━━ SOURCE MATERIAL

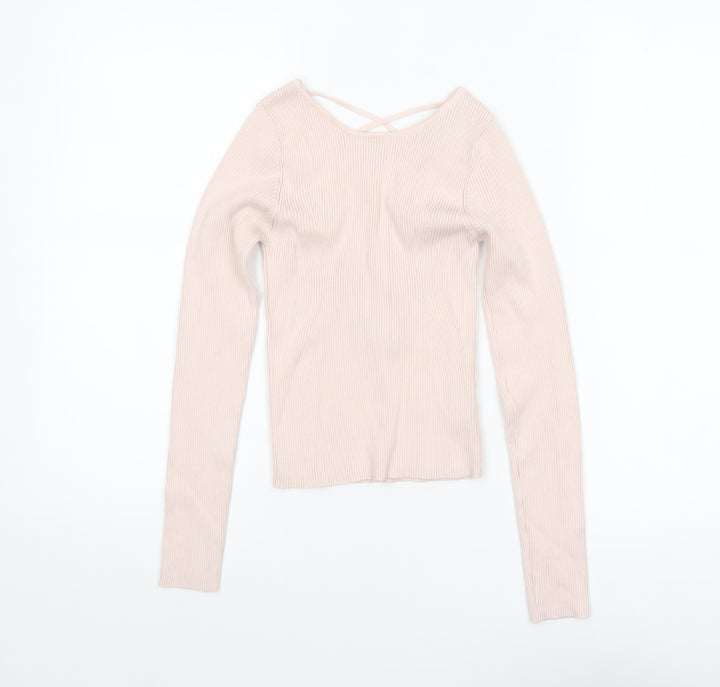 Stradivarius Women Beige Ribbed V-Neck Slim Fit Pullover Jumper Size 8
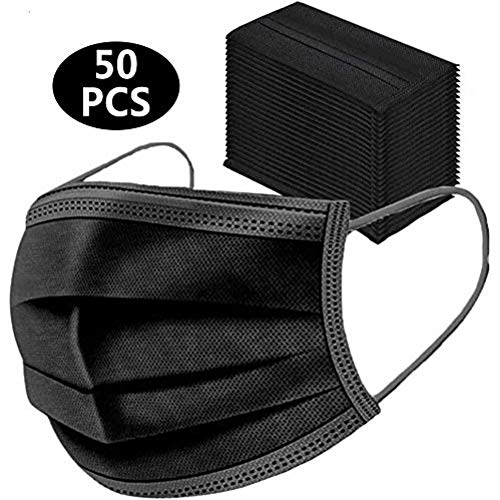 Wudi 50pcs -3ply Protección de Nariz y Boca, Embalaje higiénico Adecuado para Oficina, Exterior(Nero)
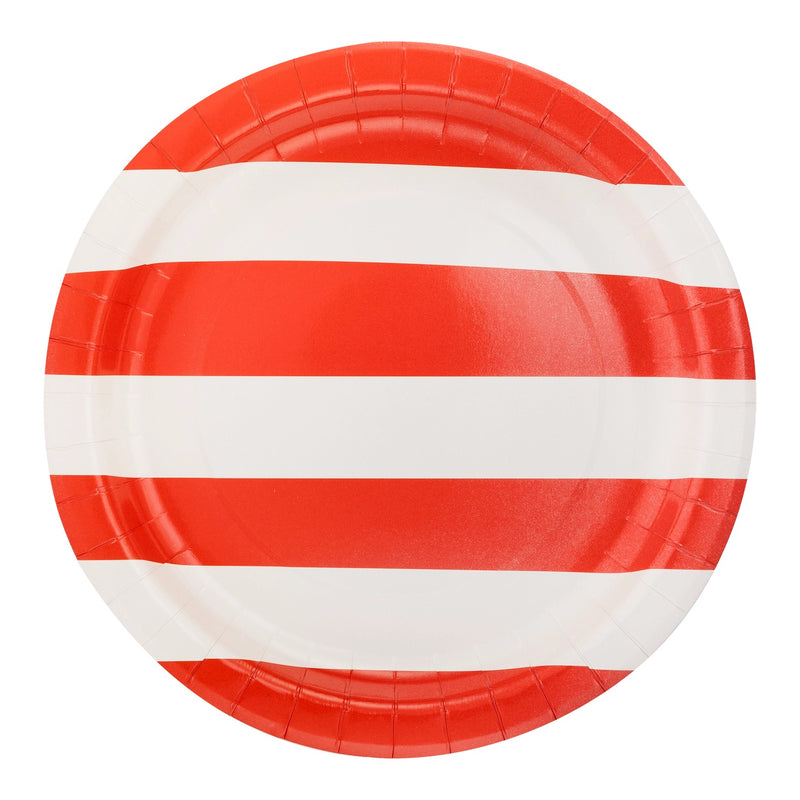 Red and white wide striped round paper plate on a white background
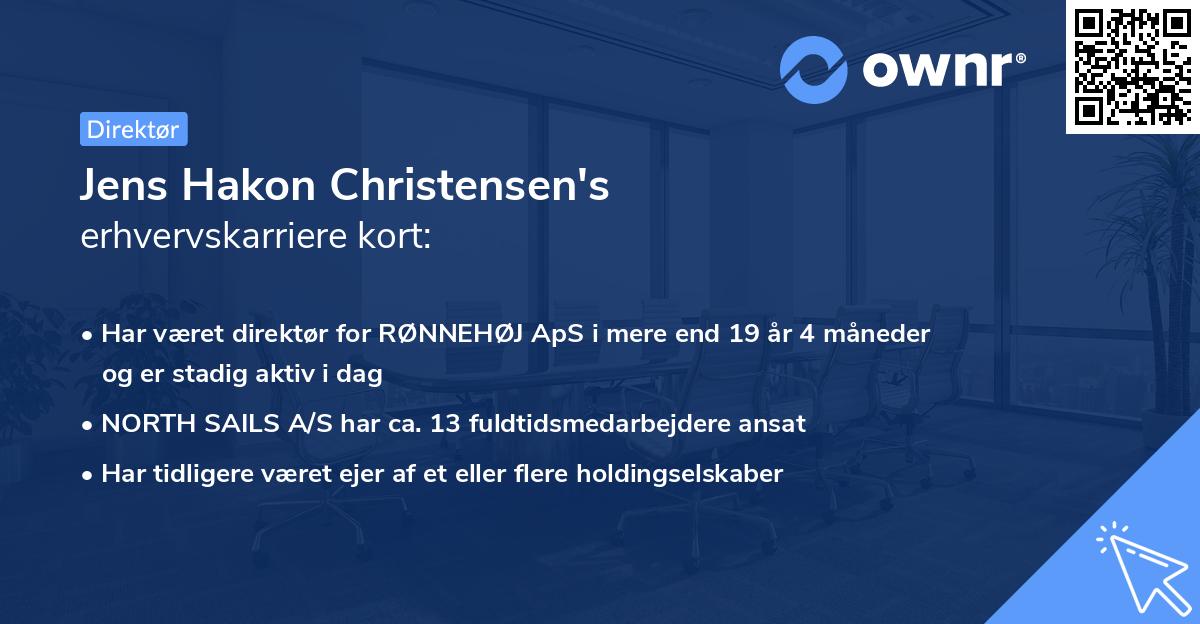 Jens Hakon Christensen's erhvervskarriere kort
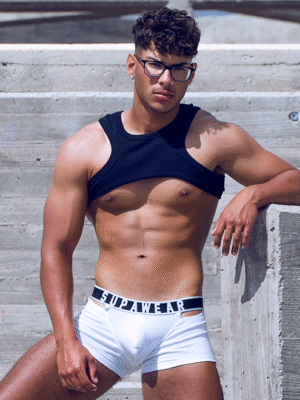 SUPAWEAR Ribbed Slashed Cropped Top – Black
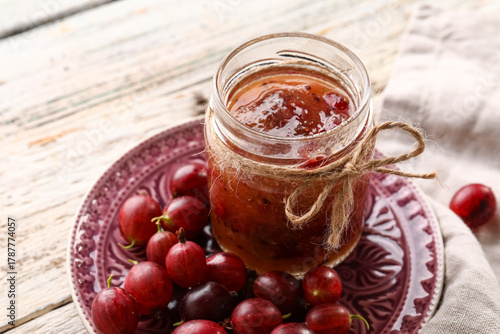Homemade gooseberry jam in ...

━━━━

→ **TASK STATEMENT**: Could the entries above be written out word for word, pictures excluded?

→ **TASK RESULT**:
 Stradivarius Women Beige Ribbed V-Neck Slim Fit Pullover Jumper Size 8
 Wudi 50pcs -3ply Protección de Nariz y Boca, Embalaje higiénico Adecuado para Oficina, Exterior(Nero)
 Red and white wide striped round paper plate on a white background
 Jens Hakon Christensen's erhvervskarriere kort
 SUPAWEAR Ribbed Slashed Cropped Top – Black
Homemade gooseberry jam in ...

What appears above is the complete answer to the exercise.